### RECORDED INFORMATION
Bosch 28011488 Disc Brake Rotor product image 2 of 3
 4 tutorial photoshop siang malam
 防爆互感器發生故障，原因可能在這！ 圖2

### TASK PROMPT
Please quote the data above in full, with no line missing.

### RESPONSE TO THIS EXERCISE
Bosch 28011488 Disc Brake Rotor product image 2 of 3
 4 tutorial photoshop siang malam
 防爆互感器發生故障，原因可能在這！ 圖2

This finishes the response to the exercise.